Si Teddy Riner était une auto, il serait probablement une M5

L’électronique souvent décriée car trop présente sur nos voitures actuelles est ici employée à bon escient puisqu’elle offre un champ de configuration si large qu’il va satisfaire celui qui utilise sa M5 pour aller chercher les croissants le week-end, celui qui aime envoyer du Gros Fast mais également toute la palette intermédiaire de conducteurs. Même madame appréciera l’engin, sans parler des enfants qui aimeront en plus du reste (comme les places arrière), la qualité de la sono.

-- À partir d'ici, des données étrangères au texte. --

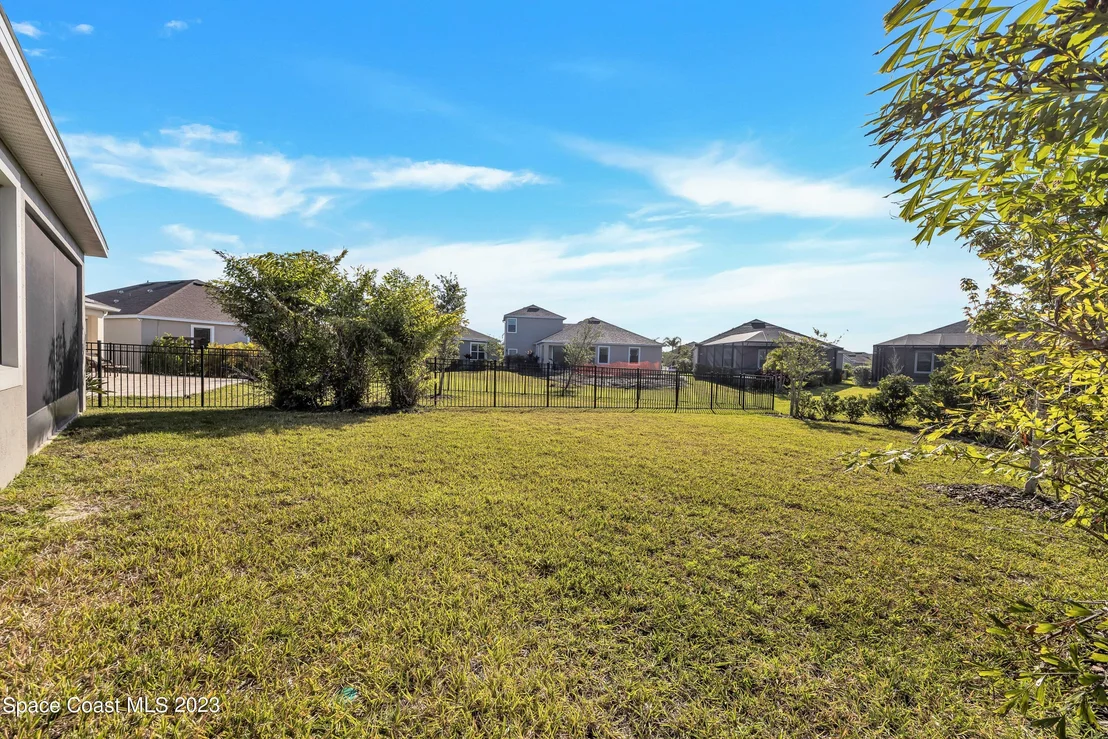 Photo of 7338 Bluemink Lane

De son côté, la boîte DKG travaille à vous donner du plaisir. Cette double embrayage est une véritable satisfaction à l’usage : les passages de rapports sont rapides, ils peuvent être doux selon le grade choisi mais aussi offrir un léger à-coup (un ‘plop’ sympathique) à la montée, rendant l’opération moins triste qu’avec une boîte de même type trop linéaire. Les automatismes vous soulagent parfaitement et la sonorité grave n’est jamais envahissante (est-ce le fait de l'Active Sound Design ?), du coup, le package global de cette M5 donne l’impression d’être dans une grosse berline puissante et sereine capable de jeter la foudre seulement si elle le désire.

Si Teddy Riner était une auto, il serait probablement une M5 !

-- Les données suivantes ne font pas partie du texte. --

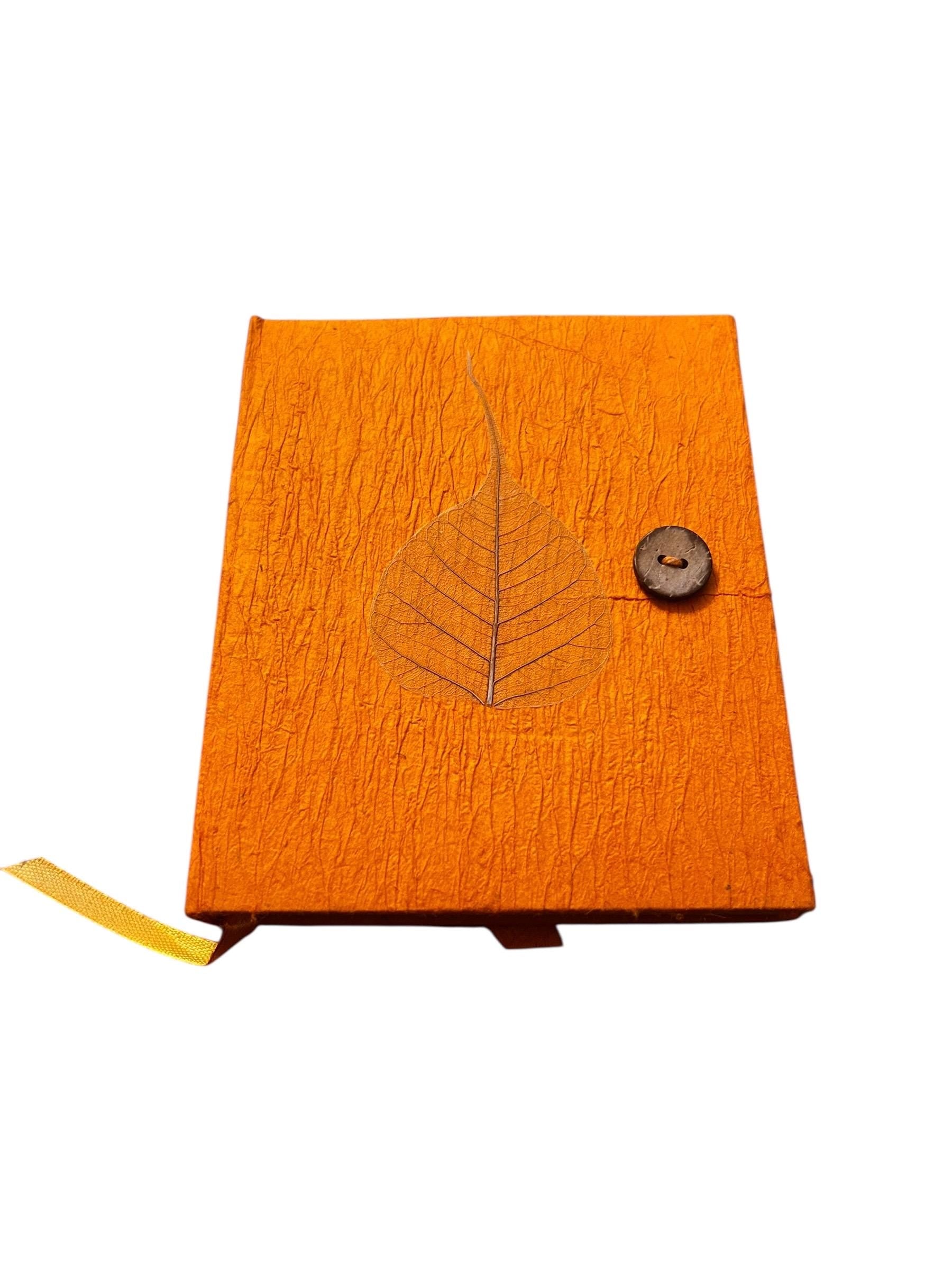 Edles, Handgemachtes Loktapapier Notizbuch mit Blattverzierung aus Nepal | 60 Seiten | Nachhaltiges Tagebuch, Eco Friendly Handmade Journal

Sur la piste, leurre de pointe

Essai vidéo - BMW M5 F10 : leurre de pointe


Sur la piste Ascari, en ce début de matinée ensoleillée, la question qui se pose est simple : DSC Off ou MDM ? Les 3 premiers tours de découverte de ce circuit derrière le pace car scellent la décision : ce sera DSC Off. Autre analyse confirmée par la piste : les petites palettes solidaires du volant ne sont pas la panacée, cachées derrière les commodos. Vous activez souvent le lave-glace au lieu de monter un rapport alors que dans les grandes courbes en accélération de ce circuit vallonné et assez rapide, vous ne trouvez pas toujours la palette au moment voulu. Du coup, on se réapproprie le levier séquentiel qui donne un côté old school au pilotage, ce qui n’est pas pour déplaire aux plus anciens. Disons plutôt aux moins jeunes qui n’ont pas été élevés à la GT-R et au paddle de console.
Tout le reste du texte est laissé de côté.